Material for the task:
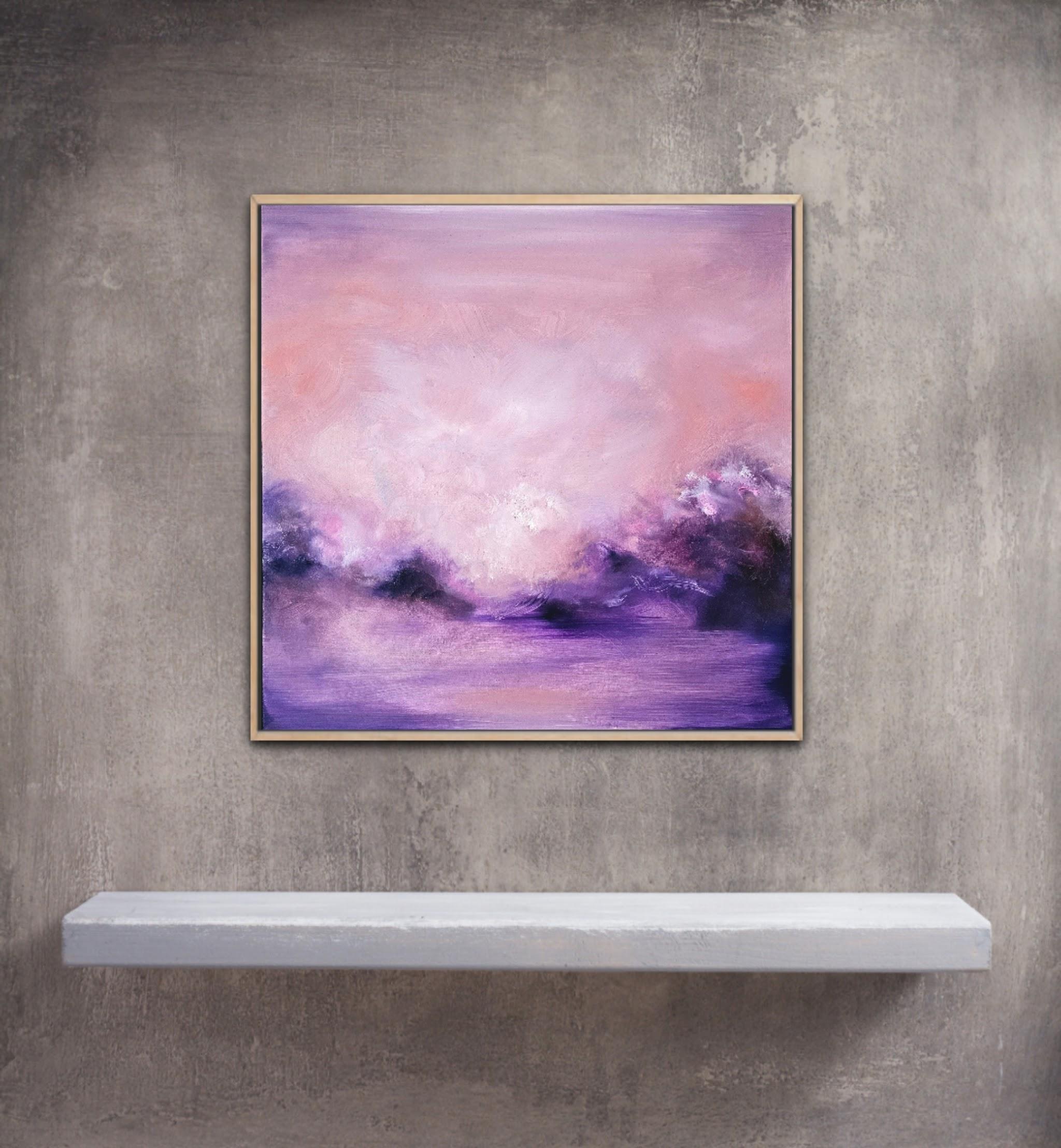 I am on fire - Abstract sunset painting, pink, violet, crimson sky For Sale 5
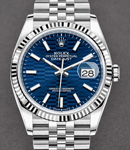 Datejust 36mm in Steel with White Gold Fluted Bezel on Jubilee Bracelet with Blue Fluted Stick Dial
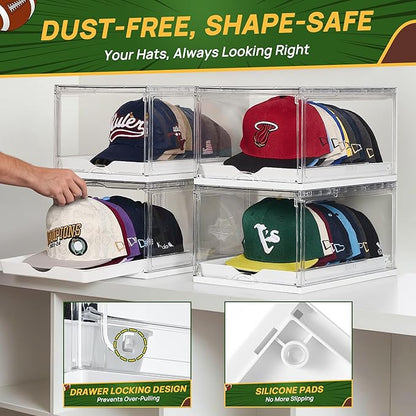 Vtopmart 2 Pack Hat Organizer for Baseball Caps, Clear Hats Holder Box with Drawer, Large Cap Storage with Sliding Tray, Stackable Rack Display Case with Magnetic Door, Each Holds 12 Hats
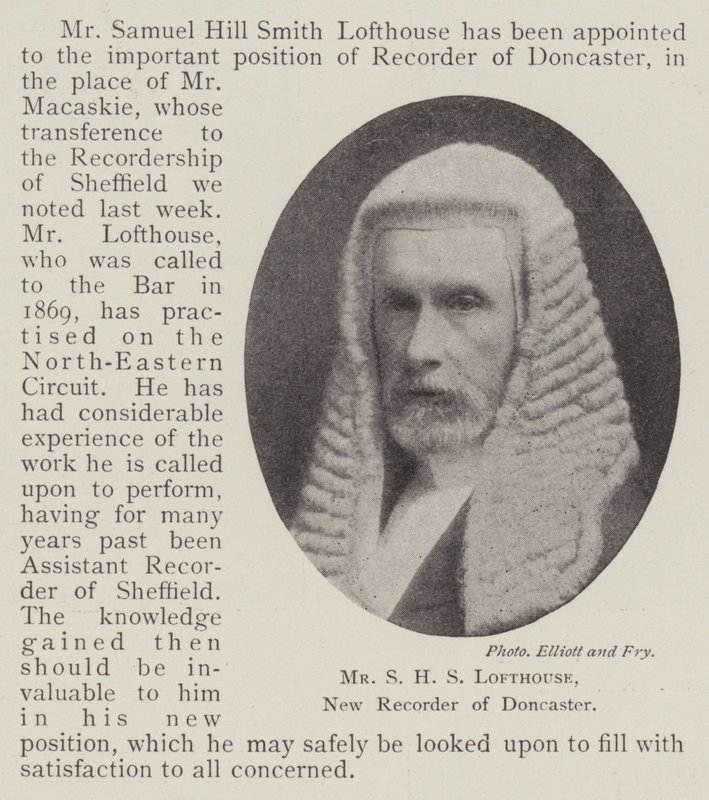 Mr S H S Lofthouse, nieuwe recorder van Doncaster door English Photographer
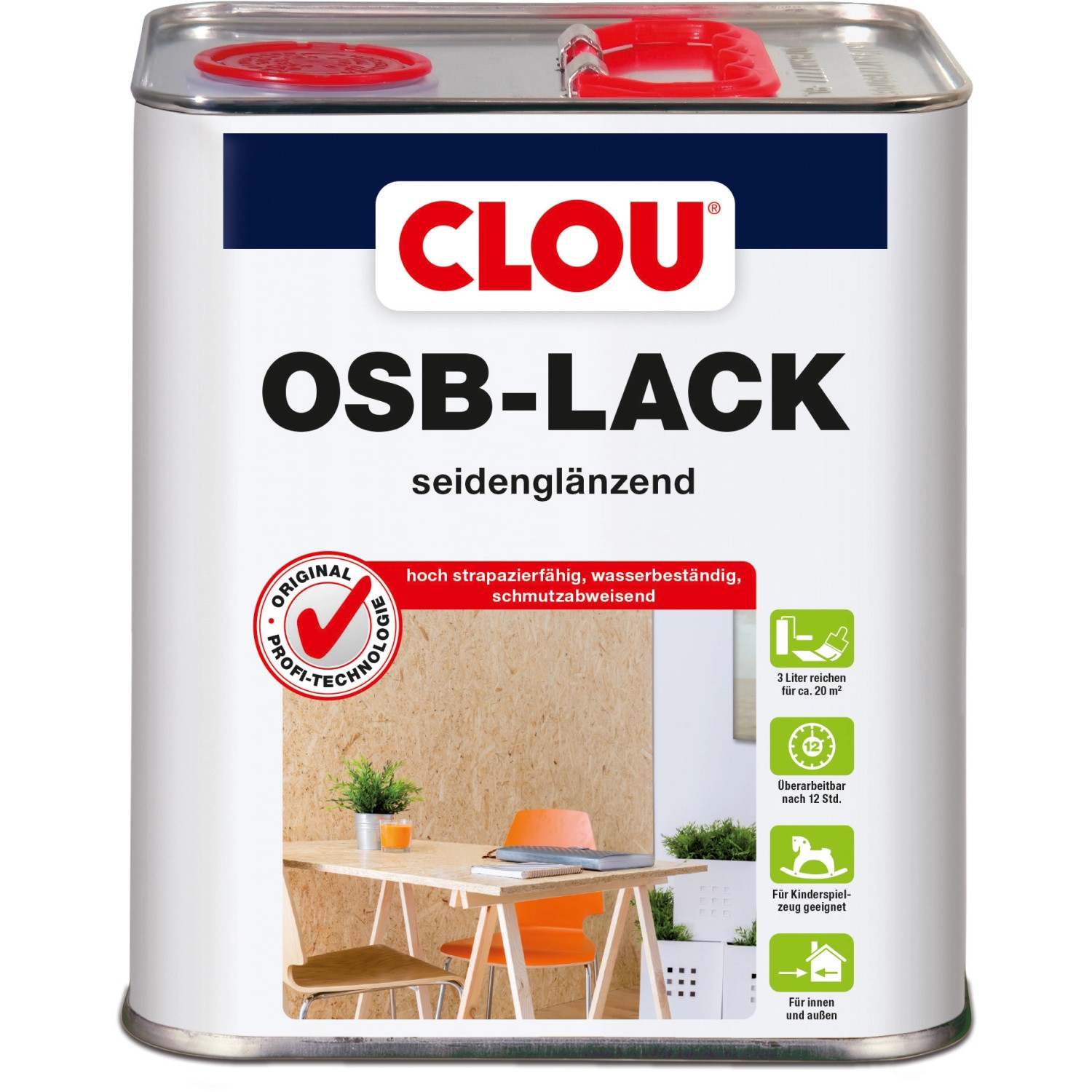 Clou OSB-Lack Transparent seidenmatt 3 l von CLOU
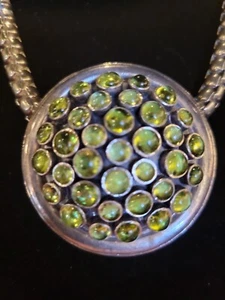Sterling Silver & Peridot Box Chain 24" Necklace - Picture 1 of 6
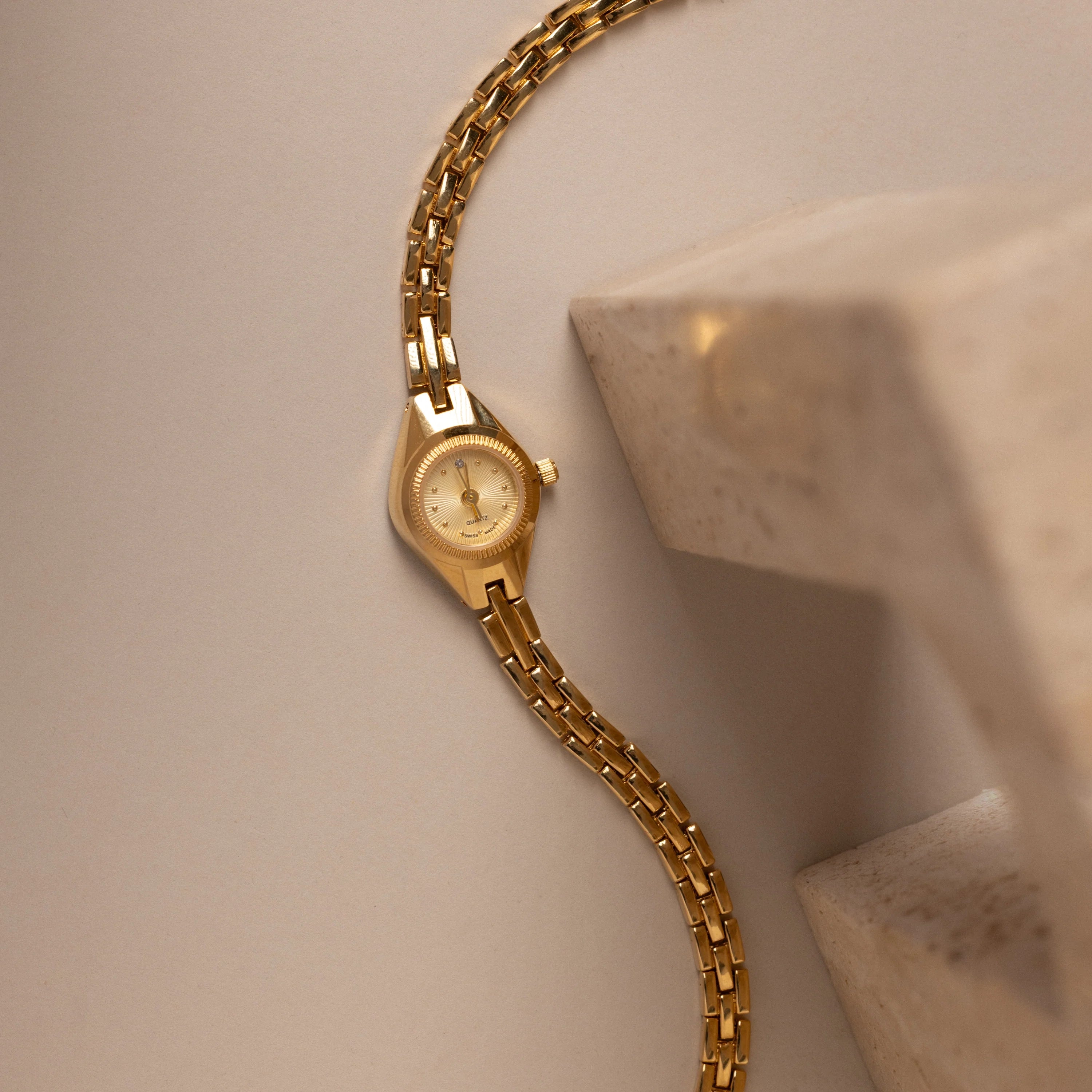 Petite Round Timepiece Silver 18K Gold Plated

Work required: Copy only what lies between the start of the listing above and the line containing "Datejust 36mm in", inclusive of both ends, exactly as written, and drop the pictures.

Reply to the task:
 I am on fire - Abstract sunset painting, pink, violet, crimson sky For Sale 5
 Datejust 36mm in Steel with White Gold Fluted Bezel on Jubilee Bracelet with Blue Fluted Stick Dial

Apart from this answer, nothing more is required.